Groupe de recherche interuniversitaire en limnologie et en environnement aquatique (GRIL) Montréal Canada.
Evol Appl. 2019 Jul 25;12(7):1475-1486. doi: 10.1111/eva.12833. eCollection 2019 Aug.
Maladaptation is widespread in natural populations. However, maladaptation has most often been associated with absolute population decline in local habitats rather than on a spectrum of relative fitness variation that can assist natural populations in their persistence at larger regional scales. We report results from a field experiment that tested for relative maladaptation between-pond habitats with spatial heterogeneity and (a)symmetric selection in pH. In the experiment, we quantified relative maladaptation in a copepod metapopulation as a mismatch between the mean population phenotype and the optimal trait value that would maximize mean population fitness under either stable or fluctuating pH environmental conditions. To complement the field experiment, we constructed a metapopulation model that addressed both relative (distance from the optimum) and absolute (negative population growth) maladaptation, with the aim of forecasting maladaptation to pH at the regional scale in relation to spatial structure (environmental heterogeneity and connectivity) and temporal environmental fluctuations. The results from our experiment indicated that maladaptation to pH at the regional scale depended on the asymmetry of the fitness surface at the local level. The results from our metapopulation model revealed how dispersal and (a)symmetric selection can operate on the fitness surface to maintain maladaptive phenotype-environment mismatch at local and regional scales in a metapopulation. Environmental stochasticity resulted in the maintenance of maladaptation that was robust to dispersal, but also revealed an interaction between the asymmetry in selection and environmental correlation. Our findings emphasize the importance of maladaptation for planning conservation strategies that can support adaptive potential in fragmented and changing landscapes.
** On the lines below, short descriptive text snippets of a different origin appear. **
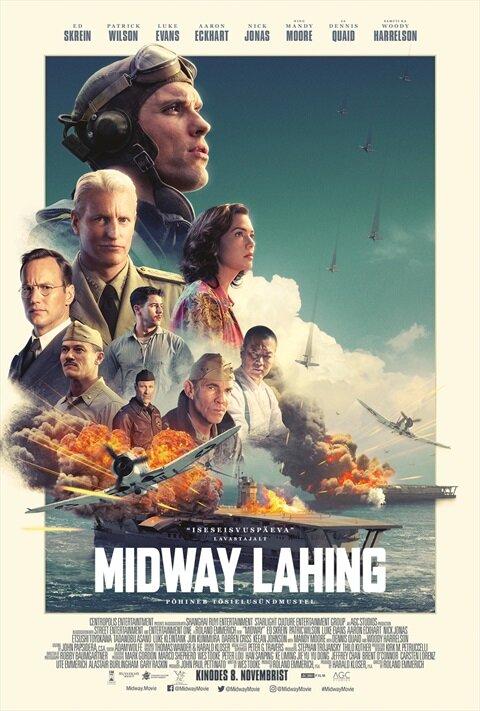 Midway (2019) - poster 5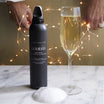 Oolaboo Glam Former Plumping Foam met schuim en champagne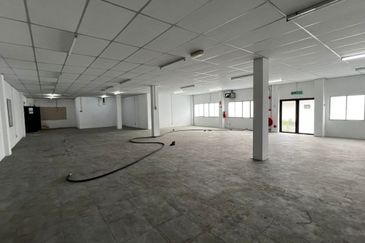 Kawasan Perindustrian Nilai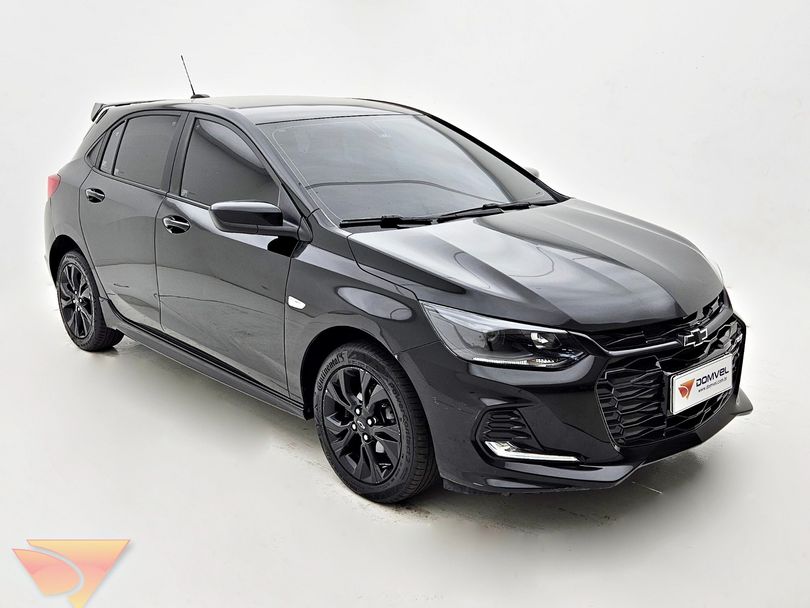 Chevrolet ONIX HATCH RS 1.0 TB 12V Flex 5p Aut.
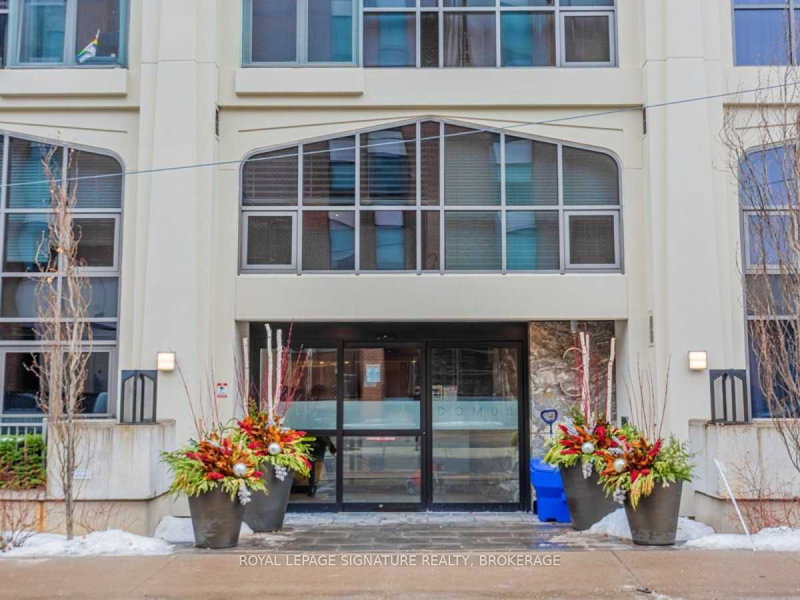 501 - 3 Mcalpine St, Toronto, M5R 3T5 | Image 3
适应不良在自然种群中广泛存在。然而,适应不良通常与当地栖息地的种群绝对数量下降相关,而非与一系列相对适合度变化相关,而这种相对适合度变化有助于自然种群在更大的区域尺度上持续存在。我们报告了一项田间实验的结果,该实验测试了具有空间异质性和pH值(非)对称选择的池塘间栖息地之间的相对适应不良情况。在实验中,我们将桡足类集合种群中的相对适应不良量化为平均种群表型与在稳定或波动的pH环境条件下使平均种群适合度最大化的最优性状值之间的不匹配。为补充田间实验,我们构建了一个集合种群模型,该模型考虑了相对(与最优值的距离)和绝对(种群负增长)适应不良情况,目的是预测区域尺度上相对于空间结构(环境异质性和连通性)和时间环境波动的pH值适应不良情况。我们实验的结果表明,区域尺度上对pH值的适应不良取决于局部水平上适合度表面的不对称性。我们集合种群模型的结果揭示了扩散和(非)对称选择如何在适合度表面上起作用,以在集合种群的局部和区域尺度上维持适应不良的表型 - 环境不匹配。环境随机性导致了对扩散具有鲁棒性的适应不良的维持,但也揭示了选择不对称性与环境相关性之间的相互作用。我们的研究结果强调了适应不良对于规划保护策略的重要性,这些策略可以支持破碎化和不断变化的景观中的适应潜力。